Vu la procédure suivante :
Procédure contentieuse antérieure
M. B... A... a demandé au tribunal administratif de Grenoble d'annuler les décisions du 14 décembre 2023 par lesquelles le préfet de la Haute-Savoie lui a fait obligation de quitter le territoire français dans un délai de trente jours, a fixé le pays de destination et lui a fait interdiction de retour sur le territoire français pour une durée d'un an.
Par jugement n° 2308428 du 14 février 2024, le magistrat désigné du tribunal a annulé ces décisions et enjoint au préfet de la Haute-Savoie de réexaminer la situation de M. A... dans le délai d'un mois à compter de la notification du jugement et de lui délivrer, dans l'attente de ce réexamen, une autorisation provisoire de séjour.
Procédure devant la cour
Par une requête enregistrée le 19 février 2024, le préfet de la Haute-Savoie demande à la cour d'annuler ce jugement et de rejeter la demande.
Il soutient que :
- la Cour nationale du droit d'asile ayant rejeté la demande d'asile de M. A... par une décision lue le 7 décembre 2023, ce dernier ne bénéficiait plus du droit de se maintenir en France ;
- les moyens soulevés par M. A... devant le tribunal administratif de Grenoble ne sont pas fondés.
La requête a été communiquée à M. A... qui n'a pas présenté d'observations.
Vu les autres pièces du dossier ;
Vu :
- la convention européenne de sauvegarde des droits de l'homme et des libertés fondamentales ;
- le code de l'entrée et du séjour des étrangers et du droit d'asile ;
- le code de justice administrative ;
Le président de la formation de jugement ayant dispensé la rapporteure publique, sur sa proposition, de prononcer des conclusions à l'audience ;
Les parties ayant été régulièrement averties du jour de l'audience ;
Après avoir entendu au cours de l'audience publique le rapport de Mme Evrard, présidente assesseure ;
Considérant ce qui suit :
1. M. A..., ressortissant turc né le 1er octobre 2002, est entré en France le 25 décembre 2022 et a présenté une demande d'asile. Sa demande a été rejetée par décision de l'Office français de protection des réfugiés et apatrides (OFPRA) du 16 août 2023, confirmée par la Cour nationale du droit d'asile (CNDA), le 7 décembre 2023. Par arrêté du 14 décembre 2023, le préfet de la Haute-Savoie l'a obligé de quitter le territoire français dans un délai de trente jours sur le fondement du 4° de l'article L. 611-1 du code de l'entrée et du séjour des étrangers et du droit d'asile, a fixé le pays de destination et lui a fait interdiction de retour sur le territoire français pour une durée d'un an. Le préfet de la Haute-Savoie relève appel du jugement du 14 février 2024 par lequel le magistrat désigné du tribunal administratif de Grenoble a annulé cet arrêté et lui a enjoint de réexaminer la situation de M. A... dans le délai d'un mois à compter de la notification du jugement après délivrance d'une autorisation provisoire de séjour.

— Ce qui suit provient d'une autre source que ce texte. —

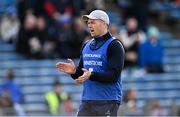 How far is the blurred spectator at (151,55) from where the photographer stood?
17516 mm

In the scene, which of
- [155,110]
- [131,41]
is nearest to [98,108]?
[155,110]

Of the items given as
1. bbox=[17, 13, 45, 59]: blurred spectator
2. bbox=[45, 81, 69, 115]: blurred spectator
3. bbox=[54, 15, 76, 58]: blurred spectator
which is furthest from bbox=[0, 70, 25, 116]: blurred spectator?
bbox=[54, 15, 76, 58]: blurred spectator

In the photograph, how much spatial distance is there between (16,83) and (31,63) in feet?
2.83

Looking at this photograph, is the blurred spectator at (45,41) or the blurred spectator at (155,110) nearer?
the blurred spectator at (155,110)

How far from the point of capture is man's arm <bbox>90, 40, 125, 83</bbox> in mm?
9164

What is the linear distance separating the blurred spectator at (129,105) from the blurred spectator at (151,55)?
179cm

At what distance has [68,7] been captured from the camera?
18.2 m

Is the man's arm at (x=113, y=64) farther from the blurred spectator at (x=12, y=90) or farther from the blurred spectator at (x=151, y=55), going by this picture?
the blurred spectator at (x=151, y=55)

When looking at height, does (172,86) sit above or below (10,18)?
below

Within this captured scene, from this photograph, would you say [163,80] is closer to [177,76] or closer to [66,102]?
[177,76]

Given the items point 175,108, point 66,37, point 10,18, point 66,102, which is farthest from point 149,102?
point 10,18

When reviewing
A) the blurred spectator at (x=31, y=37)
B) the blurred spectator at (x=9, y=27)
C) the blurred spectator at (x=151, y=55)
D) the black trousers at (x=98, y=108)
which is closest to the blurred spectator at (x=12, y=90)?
the blurred spectator at (x=31, y=37)

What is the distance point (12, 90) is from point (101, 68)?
276 inches

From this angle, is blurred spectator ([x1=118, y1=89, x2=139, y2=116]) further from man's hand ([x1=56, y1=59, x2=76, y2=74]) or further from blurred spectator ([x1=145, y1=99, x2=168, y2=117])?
man's hand ([x1=56, y1=59, x2=76, y2=74]) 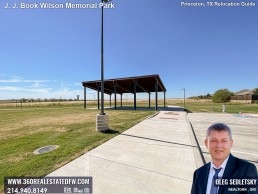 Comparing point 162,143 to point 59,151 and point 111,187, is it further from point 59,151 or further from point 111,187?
point 59,151

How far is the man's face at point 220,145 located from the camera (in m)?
1.34

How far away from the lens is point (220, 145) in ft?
4.39

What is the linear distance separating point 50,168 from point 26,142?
3887 mm

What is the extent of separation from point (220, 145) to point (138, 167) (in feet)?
11.0

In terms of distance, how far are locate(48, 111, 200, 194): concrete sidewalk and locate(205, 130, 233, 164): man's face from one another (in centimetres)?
232

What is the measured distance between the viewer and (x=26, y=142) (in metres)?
7.04

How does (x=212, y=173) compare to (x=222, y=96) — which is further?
(x=222, y=96)

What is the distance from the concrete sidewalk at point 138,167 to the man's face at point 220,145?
2.32 metres

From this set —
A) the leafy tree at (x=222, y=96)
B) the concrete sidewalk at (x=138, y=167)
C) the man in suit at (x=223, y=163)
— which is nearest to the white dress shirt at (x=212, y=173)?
the man in suit at (x=223, y=163)

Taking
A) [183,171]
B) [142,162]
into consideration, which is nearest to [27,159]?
[142,162]

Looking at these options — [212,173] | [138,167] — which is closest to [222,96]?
[138,167]

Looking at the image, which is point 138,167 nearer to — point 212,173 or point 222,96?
point 212,173

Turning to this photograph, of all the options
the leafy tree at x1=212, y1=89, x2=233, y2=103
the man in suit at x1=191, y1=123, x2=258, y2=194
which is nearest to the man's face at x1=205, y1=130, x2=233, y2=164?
the man in suit at x1=191, y1=123, x2=258, y2=194

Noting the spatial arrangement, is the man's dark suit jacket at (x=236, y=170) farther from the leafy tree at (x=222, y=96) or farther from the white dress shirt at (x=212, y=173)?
the leafy tree at (x=222, y=96) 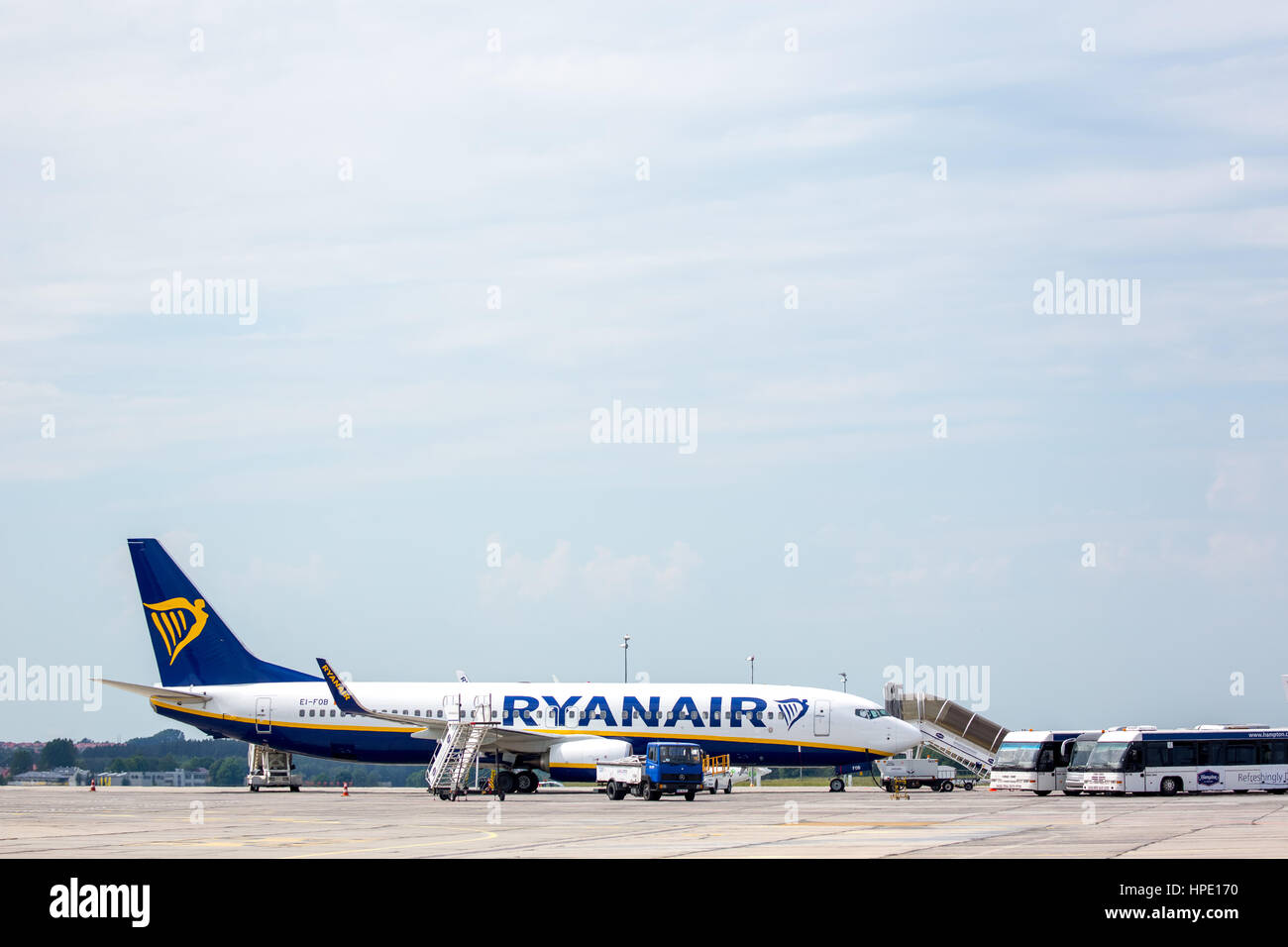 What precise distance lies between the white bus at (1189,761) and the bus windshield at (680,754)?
17.0 meters

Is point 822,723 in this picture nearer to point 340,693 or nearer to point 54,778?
point 340,693

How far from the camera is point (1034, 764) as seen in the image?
60.4 meters

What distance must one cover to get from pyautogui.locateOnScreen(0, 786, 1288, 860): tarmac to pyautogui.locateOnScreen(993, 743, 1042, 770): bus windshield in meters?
6.70

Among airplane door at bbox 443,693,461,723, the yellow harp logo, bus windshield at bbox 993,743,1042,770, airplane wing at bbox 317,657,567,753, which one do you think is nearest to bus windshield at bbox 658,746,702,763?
airplane wing at bbox 317,657,567,753

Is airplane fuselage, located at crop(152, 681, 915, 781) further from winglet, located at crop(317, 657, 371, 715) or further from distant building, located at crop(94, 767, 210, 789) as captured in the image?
distant building, located at crop(94, 767, 210, 789)

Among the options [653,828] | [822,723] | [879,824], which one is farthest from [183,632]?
[879,824]

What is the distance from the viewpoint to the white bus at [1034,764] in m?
60.4

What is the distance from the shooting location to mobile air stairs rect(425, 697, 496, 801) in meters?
54.7

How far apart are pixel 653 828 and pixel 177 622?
121ft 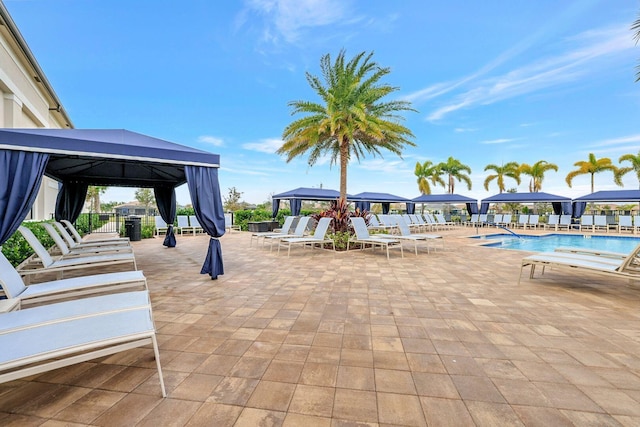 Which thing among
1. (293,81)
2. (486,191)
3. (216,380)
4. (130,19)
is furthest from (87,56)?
(486,191)

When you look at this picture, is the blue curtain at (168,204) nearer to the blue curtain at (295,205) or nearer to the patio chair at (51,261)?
the patio chair at (51,261)

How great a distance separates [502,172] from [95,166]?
104 feet

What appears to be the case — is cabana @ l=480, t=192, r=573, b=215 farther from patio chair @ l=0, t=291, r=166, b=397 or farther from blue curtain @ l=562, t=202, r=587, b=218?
patio chair @ l=0, t=291, r=166, b=397

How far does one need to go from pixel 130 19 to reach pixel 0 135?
10910mm

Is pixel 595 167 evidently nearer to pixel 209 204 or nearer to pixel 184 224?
pixel 209 204

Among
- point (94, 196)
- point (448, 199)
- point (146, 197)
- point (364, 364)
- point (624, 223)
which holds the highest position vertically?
point (146, 197)

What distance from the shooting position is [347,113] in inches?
402

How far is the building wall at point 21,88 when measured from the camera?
7.03m

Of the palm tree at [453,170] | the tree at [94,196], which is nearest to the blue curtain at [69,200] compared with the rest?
the tree at [94,196]

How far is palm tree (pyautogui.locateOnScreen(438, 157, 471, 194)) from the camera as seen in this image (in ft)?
91.7

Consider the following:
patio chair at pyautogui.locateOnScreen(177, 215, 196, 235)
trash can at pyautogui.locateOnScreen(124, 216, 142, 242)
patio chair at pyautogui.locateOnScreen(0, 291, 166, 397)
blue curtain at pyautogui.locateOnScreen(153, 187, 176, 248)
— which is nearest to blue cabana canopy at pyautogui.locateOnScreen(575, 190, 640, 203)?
blue curtain at pyautogui.locateOnScreen(153, 187, 176, 248)

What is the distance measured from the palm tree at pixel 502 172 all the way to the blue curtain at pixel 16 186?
107 ft

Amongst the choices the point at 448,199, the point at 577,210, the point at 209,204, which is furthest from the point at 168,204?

Sur le motif d'annulation retenu par le tribunal :
2. D'une part, aux termes de l'article L. 611-1 du code de l'entrée et du séjour des étrangers et du droit d'asile : " L'autorité administrative peut obliger un étranger à quitter le territoire français lorsqu'il se trouve dans les cas suivants : (...) 4° La reconnaissance de la qualité de réfugié (...) a été définitivement refusé à l'étranger (...) ".
3. D'autre part, aux termes de l'article L. 541-1 du même code : " Le demandeur d'asile dont l'examen de la demande relève de la compétence de la France et qui a introduit sa demande auprès de l'Office français de protection des réfugiés et apatrides bénéficie du droit de se maintenir sur le territoire français ". Aux termes de l'article L. 542-1 du même code : " Lorsqu'un recours contre la décision de rejet de l'office a été formé (...), le droit du demandeur de se maintenir sur le territoire français prend fin à la date de la lecture en audience publique de la décision de la Cour nationale du droit d'asile (...) ". Aux termes de l'article L. 532-53 du même code : " Les décisions de la Cour nationale du droit d'asile sont lues en audience publique. Leur sens est publié pour une durée de quinze jours sur le site internet de la Cour nationale du droit d'asile ".
4. Il ressort des pièces du dossier, et, notamment, des mentions du relevé Telemofpra produit par le préfet, que la CNDA a rejeté, par une décision du 7 décembre 2023, le recours formé par M. A... contre la décision de l'OFPRA du 16 août 2023 rejetant sa demande d'asile. Cette décision, qui a été rendue publiquement, est ainsi réputée être librement accessible au juge et aux parties, si bien qu'il ne saurait être fait grief au préfet de ne pas en avoir produit copie. Il résulte des mentions figurant sur cette décision, lesquelles font foi jusqu'à preuve du contraire, qu'elle a été lue en audience publique, le 7 décembre 2023. En vertu des dispositions citées au point 3, le droit de M. A... au maintien sur le territoire a pris fin à cette même date. Par suite, le préfet de la Haute-Savoie est fondé à soutenir que c'est à tort que le magistrat désigné du tribunal administratif de Grenoble a retenu qu'il ne justifiait pas de la lecture en audience publique de la décision rendue par la CNDA pour annuler ses décisions du 14 décembre 2023.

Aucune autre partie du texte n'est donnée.